When I began planning to create a web comic, one of the early style decisions I had to address was whether or not I wanted to do a black and white “classical newspaper” look or whether I wanted to go to full color. My background and love of animated cartoons helped me to lean toward full on color. In cartoon making, color is an integral component used for setting the mood, so to just do a black and white comic strip seemed, to me, to be very limiting. The trade off being a significant amount of additional work in producing each strip, which is no trivial matter when working on a tight schedule and with frequent deadlines. But I felt that colorful mood setting panels would be a huge plus for my storytelling. An important creative note is that if your comic strip idea is more of a random gag per strip and not a mixture of humor and story, then you might not find setting a visual mood to be that significant.
Bug Pudding is a satire and an adventure. Early on as I began to introduce the characters and the world of Tuberville Georgia, I wanted to present a very colorful and “fantasy-like” rural atmosphere.
As the story has progressed, the atmosphere of the strip has been gradually shifting to foreshadow the changing mood. It was still bright and sunny but occasionally a subtle change was injected.
The blue skies still prevail but the other background colors began to be muted. Even the grass started to turn more toward warmer shades.
Then as I began the more mysterious part of the adventure as Monroe stumbles into the Beauregard Bug Bombs testing range, a more pronounced mood shift has begun.
The fantasy world also has a more Gothic and malevolent side which is set up by the purple vapor clouds and the darker lighting of recent strips.

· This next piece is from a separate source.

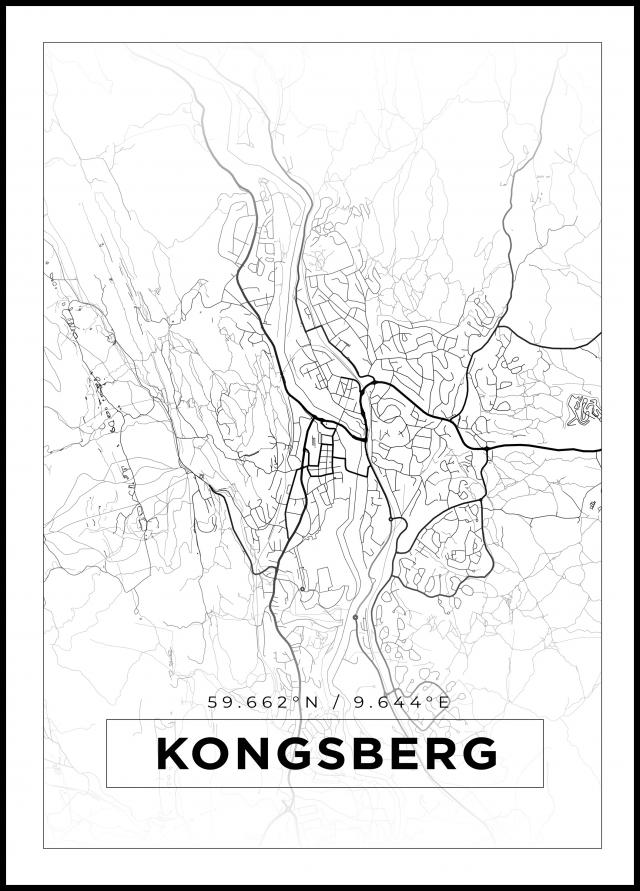 Karta - Kongsberg - Vit Poster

It’s a pastoral fantasy world moving into a direct collision course with a more veiled and threatening world of evil; all being reflected in the colorful mood setting backgrounds. Yes, adding color to a comic strip is a lot of extra work but it adds a lot dimensionally to the cartoonist’s tool set.
I just updated the Bug Pudding comic site with an improved look and a new top banner. Part of publishing a comic on the web is constructing and maintaining your publishing platform. For many people this is a difficult task due to the “roll your own” aspect of customizing a website. I use a plug-in called Webcomic as the backbone of my site and a theme called Inkblot. To get a good idea of how these components work together here are some great video tutorials. A special thanks goes out to Michael Sisk the creator of Webcomic and Inkblot for all his patience and helpful support.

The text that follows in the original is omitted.